Condition or disease Intervention/treatment Phase
Pulmonary Disease, Chronic Obstructive Drug: GSK233705B Phase 2

Study Type : Interventional  (Clinical Trial)
Actual Enrollment : 23 participants
Allocation: Randomized
Intervention Model: Parallel Assignment
Primary Purpose: Diagnostic
Official Title: A Randomised, Double-blind, Placebo-controlled, Dose Ascending, 2-cohort, Parallel Group Study to Examine the Safety, Tolerability, Pharmacokinetics and Pharmacodynamics of Twice-daily Inhaled Doses of GSK233705B Formulated With the Excipient Magnesium Stearate in COPD Subjects for 7-days.
Actual Study Start Date : March 28, 2007
Actual Primary Completion Date : October 11, 2007
Actual Study Completion Date : October 11, 2007

Resource links provided by the National Library of Medicine

MedlinePlus related topics: COPD




Primary Outcome Measures :
  1. Number of Participants With Adverse Events (AE) and Serious Adverse Events (SAE) [ Time Frame: Up to follow-up (approximately 45 days) ]
    An AE was defined as any untoward medical occurrence (MO) in a participant temporally associated with the use of a medicinal product (MP), whether or not considered related to the MP and can therefore be any unfavorable and unintended sign (including an abnormal laboratory finding), symptom, or disease temporally associated with its use. The SAE was any untoward MO that, at any dose, results in death, life threatening, persistent or significant disability/incapacity, results in or prolongs inpatient hospitalization, congenital abnormality or birth defect, that may not be immediately life-threatening or result in death or hospitalization but may jeopardize the participant or may require medical or surgical intervention to prevent one of the other outcomes listed in this definition.

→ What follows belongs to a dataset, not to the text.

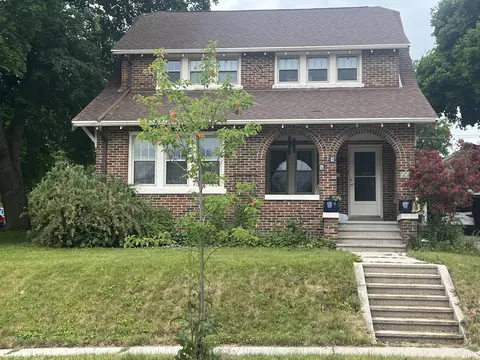 422 Stafford, Plymouth, WI 53073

  2. Summary of Mean Systolic Blood Pressure (SBP) and Diastolic Blood Pressure (DBP) [ Time Frame: Up to Day 7 (24 hours post-dose) ]
    Blood pressure was measured subsequent to 12 lead electrocardiogram (ECG). Baseline was defined as the mean of the three planned pre-dose measurements. It was assessed on Baseline (triplicate), 15, 30 minutes, 1.5, 4, 8 and 24 hours on Day 1 and 7.

  3. Summary of Mean Heart Rate [ Time Frame: Up to Day 7 (24 hour post dose) ]
    Heart rate was measured subsequent to 12 lead ECG. Baseline was defined as the mean of the three planned pre-dose measurements. It was assessed on Baseline (triplicate), 15, 30 minutes, 1.5, 4, 8 and 24 hours on Day 1 and 7.

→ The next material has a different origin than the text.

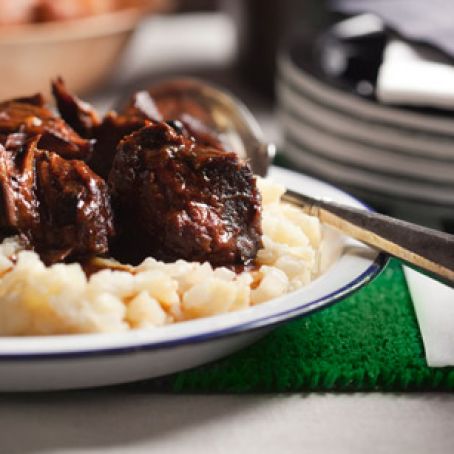 Braised Short Ribs with Potatoes and Apples Risotto Style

  4. Maximum Value of SBP and DBP (0-4 Hour) for the Morning Dose [ Time Frame: Up to Day 7 (0-4 hour) ]
    Blood pressure was measured subsequent to 12 lead ECG. Baseline was defined as the mean of the three planned pre-dose measurements. It was assessed on pre-dose, 15, 30 minutes, 1.5 and 4 hours on Day 1 and 7. Data for adjusted mean is presented as least square mean.

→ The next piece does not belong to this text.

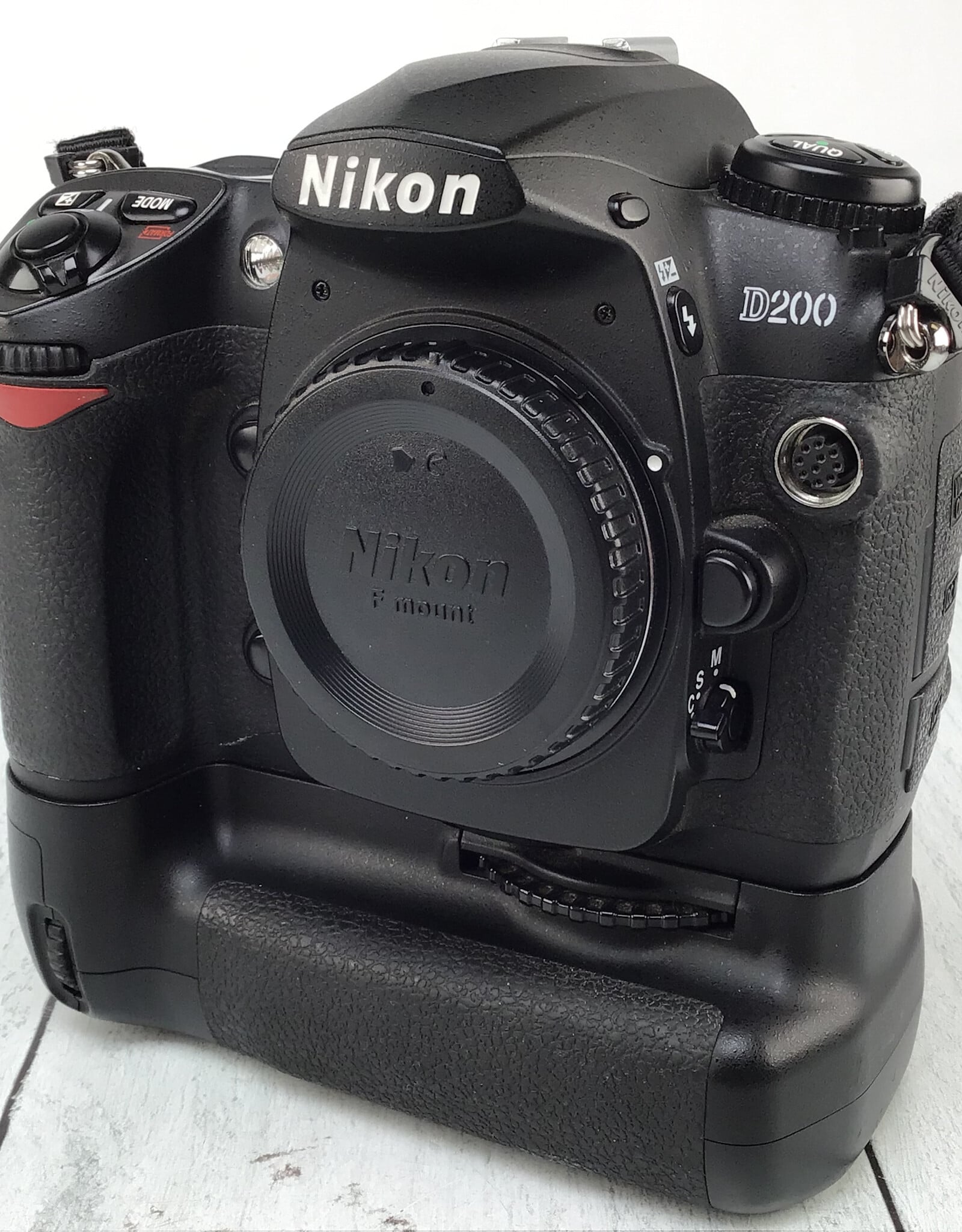 NIKON Nikon D200 Camera w/ MB-D200 Grip Used Good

  5. Maximum Value of Heart Rate (0-4 Hour) for the Morning Dose [ Time Frame: Up to Day 7 (0-4 hour) ]
    Heart rate was measured subsequent to 12 lead ECG. Baseline was defined as the mean of the three planned pre-dose measurements. It was assessed on pre-dose, 15, 30 minutes, 1.5 and 4 hours on Day 1 and 7. Data for adjusted mean is presented as least square mean.

  6. Weighted Mean of SBP and DBP (0-4 Hour) for the Morning Dose [ Time Frame: Up to Day 7 (0-4 hour) ]
    Blood pressure was measured subsequent to 12 lead ECG. Baseline was defined as the mean of the three planned pre-dose measurements. It was assessed on pre-dose, 15, 30 minutes, 1.5 and 4 hours on Day 1 and 7. Data for adjusted mean is presented as least square mean.

  7. Weighted Mean of Heart Rate (0-4 Hour) for the Morning Dose [ Time Frame: Up to Day 7 (0-4 hour) ]
    Heart rate was measured subsequent to 12 lead ECG. Baseline was defined as the mean of the three planned pre-dose measurements. It was assessed on pre-dose, 15, 30 minutes, 1.5 and 4 hours on Day 1 and 7. Data for adjusted mean is presented as least square mean.

  8. Number of Participants With Abnormal 12-lead ECG Findings [ Time Frame: Up to Day 7 (24 hour post dose) ]
    Single measurements were taken at all time points. The pre-dose values were classed as Baseline. Data for number of participants with normal, abnormal not clinically significant and abnormal clinically significant is presented. It was assessed on Baseline (triplicate), 15, 30 minutes, 1.5, 4, 8 and 24 hours on Day 1 and 7.

  9. Maximum Value (0-4 Hour) for the Morning Dose of ECG Parameters Corrected According to Fredericia's Formula (QTcF) and Corrected According to Bazett's Formula (QTc B) [ Time Frame: Up to Day 7 (0-4 hour) ]
    Baseline was defined as the mean of the three planned pre-dose measurements. It was assessed on pre-dose, 15, 30 minutes, 1.5 and 4 hours on Day 1 and 7. Data for adjusted mean is presented as least square mean.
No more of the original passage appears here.